*** Records to use ***

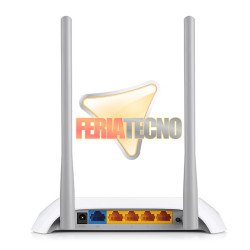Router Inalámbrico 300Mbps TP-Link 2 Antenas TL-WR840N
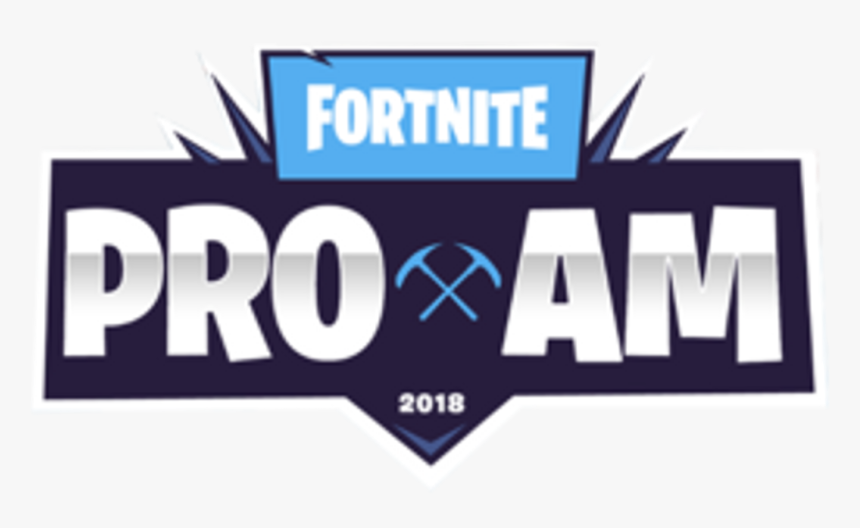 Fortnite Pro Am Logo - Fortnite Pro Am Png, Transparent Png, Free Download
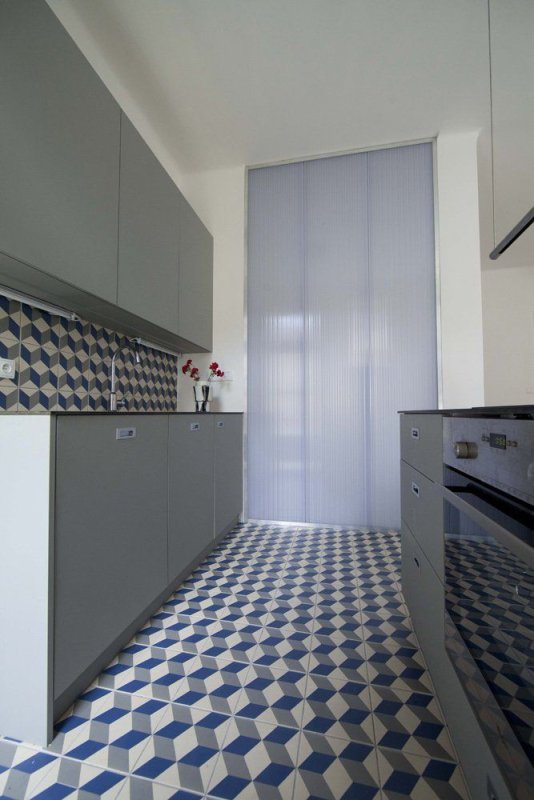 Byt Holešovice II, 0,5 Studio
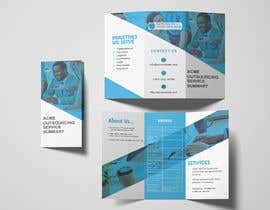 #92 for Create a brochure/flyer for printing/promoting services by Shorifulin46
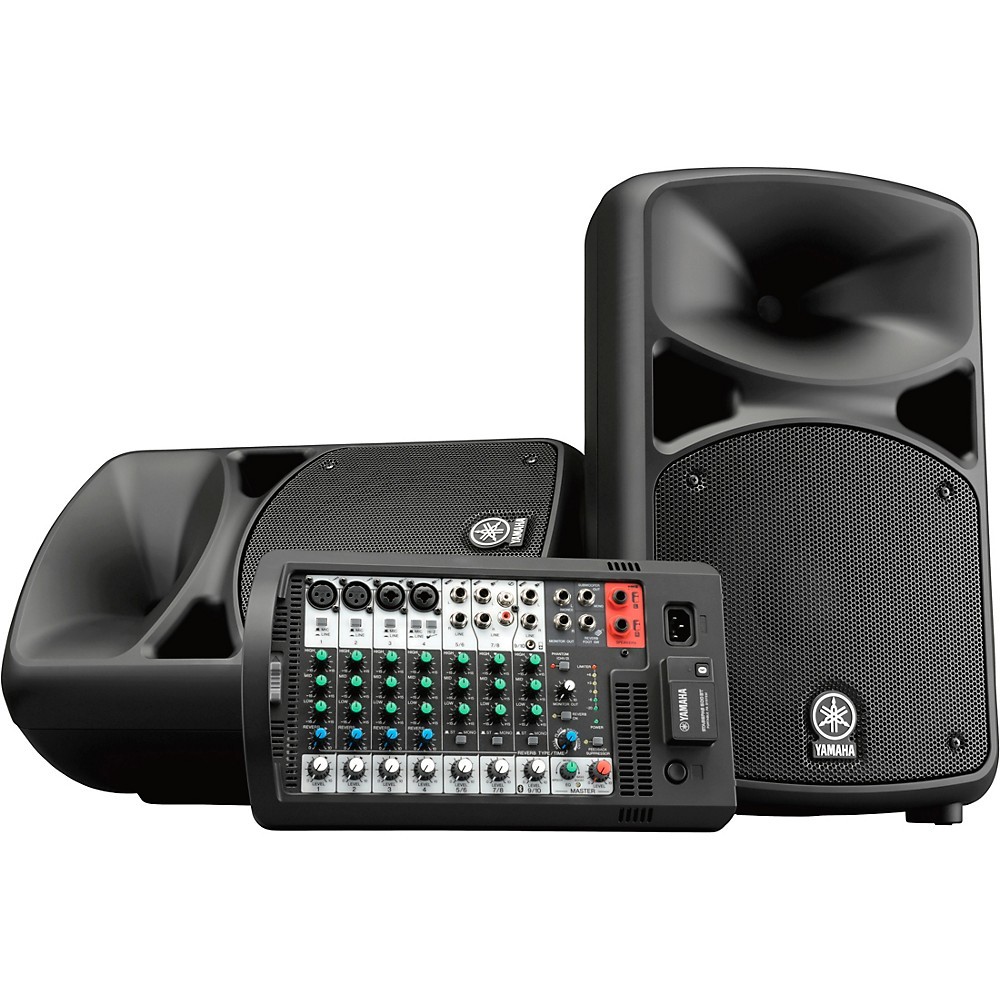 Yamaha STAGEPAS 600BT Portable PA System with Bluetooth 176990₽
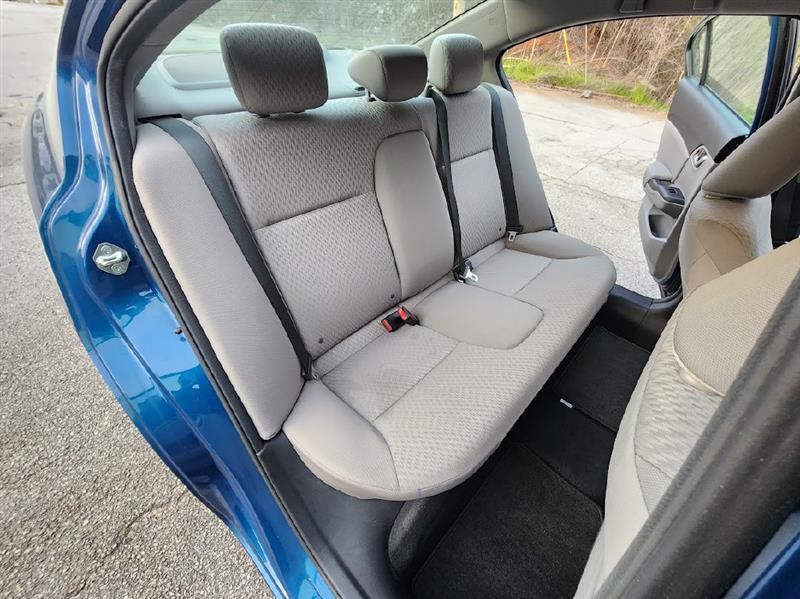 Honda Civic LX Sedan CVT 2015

*** End of Records to use ***

Without the pictures, give back every record precisely as shown.

Router Inalámbrico 300Mbps TP-Link 2 Antenas TL-WR840N
 Fortnite Pro Am Logo - Fortnite Pro Am Png, Transparent Png, Free Download
 Byt Holešovice II, 0,5 Studio
 #92 for Create a brochure/flyer for printing/promoting services by Shorifulin46
 Yamaha STAGEPAS 600BT Portable PA System with Bluetooth 176990₽
 Honda Civic LX Sedan CVT 2015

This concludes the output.